#### TASK MATERIAL
★ ★ ★

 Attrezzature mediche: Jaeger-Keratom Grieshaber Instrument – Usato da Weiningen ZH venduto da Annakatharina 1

★ ★ ★

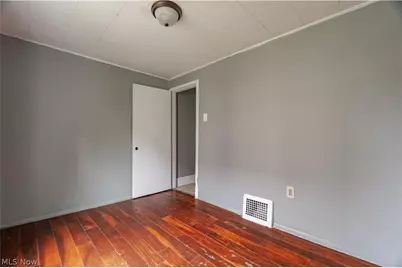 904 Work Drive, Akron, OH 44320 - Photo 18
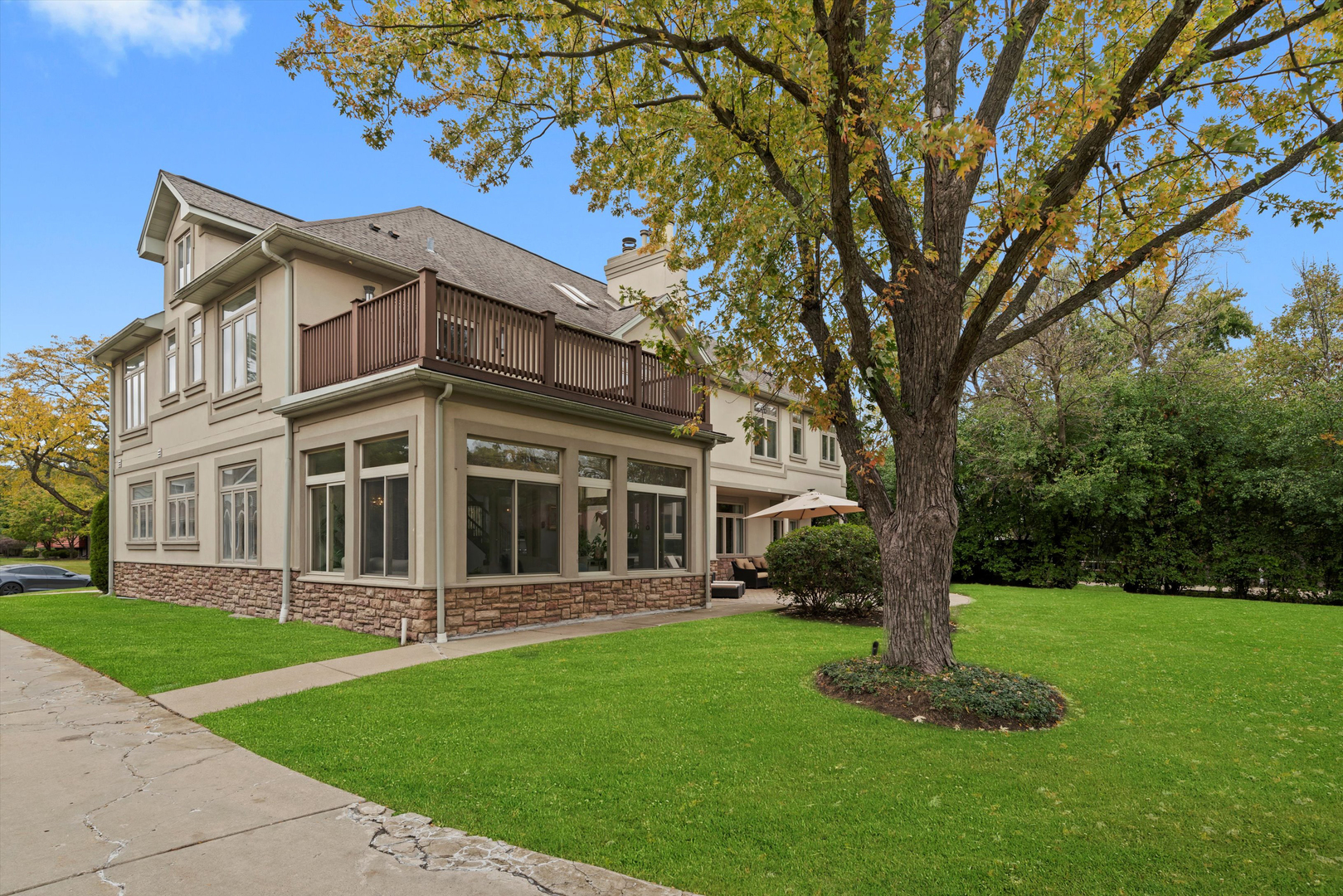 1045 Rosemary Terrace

★ ★ ★

#### WORK ITEM
Go back to the listing above and reproduce, exactly, the stretch from the line bearing "904 Work Drive, Akron, OH 44320 - Photo 18" through the line bearing "1045 Rosemary Terrace", without its pictures.

#### YOUR SOLUTION
 904 Work Drive, Akron, OH 44320 - Photo 18
 1045 Rosemary Terrace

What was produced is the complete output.